**The task:** Print every record below exactly as it stands, but leave out the pictures.
═══
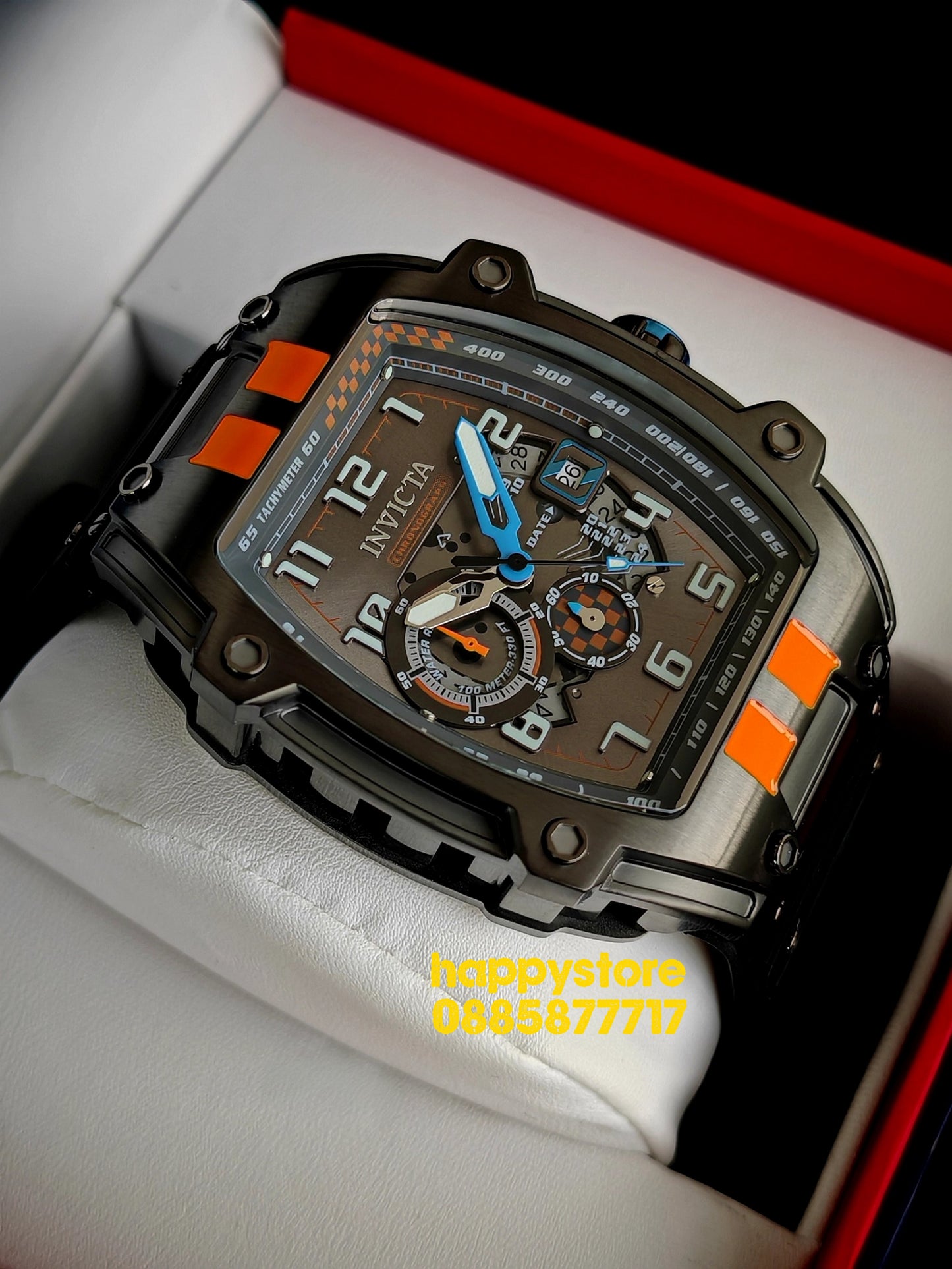 INVICTA Diablo Graphite 48 mm
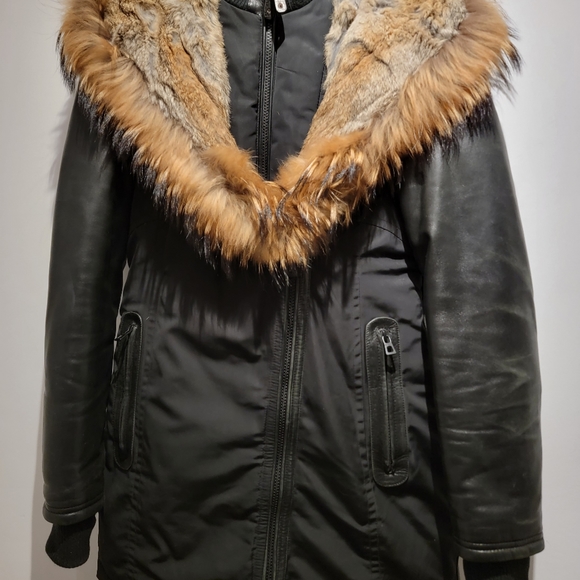 Rudsak winter coat - Picture 1 of 8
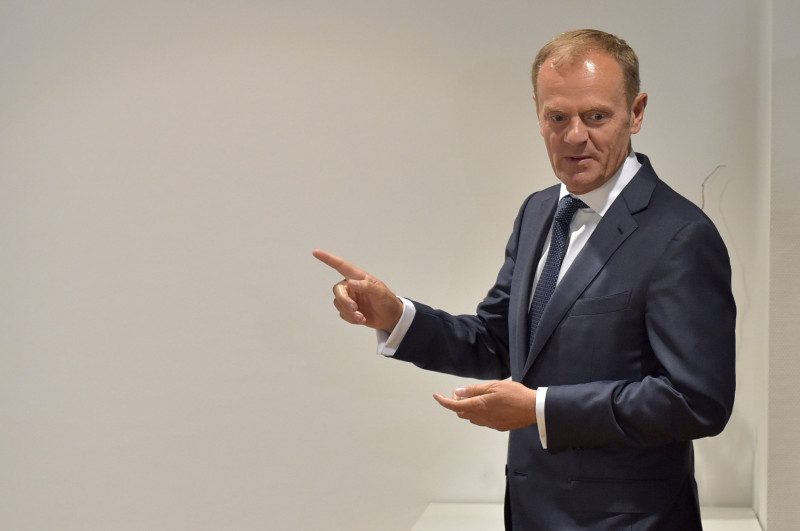 "Не может быть Европы без Украины": Глава Евросовета Туск заговорил в Раде на украинском - опубликовано видео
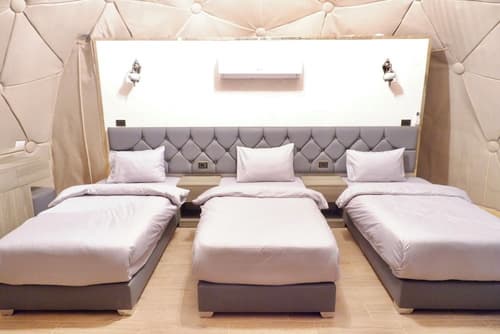 Beyond Wadi Rum Camp, Room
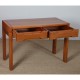 Elm desk produced by Maison Regain, 1970s - French design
═══
**Result of this task:**
 INVICTA Diablo Graphite 48 mm
 Rudsak winter coat - Picture 1 of 8
 "Не может быть Европы без Украины": Глава Евросовета Туск заговорил в Раде на украинском - опубликовано видео
 Beyond Wadi Rum Camp, Room
 Elm desk produced by Maison Regain, 1970s - French design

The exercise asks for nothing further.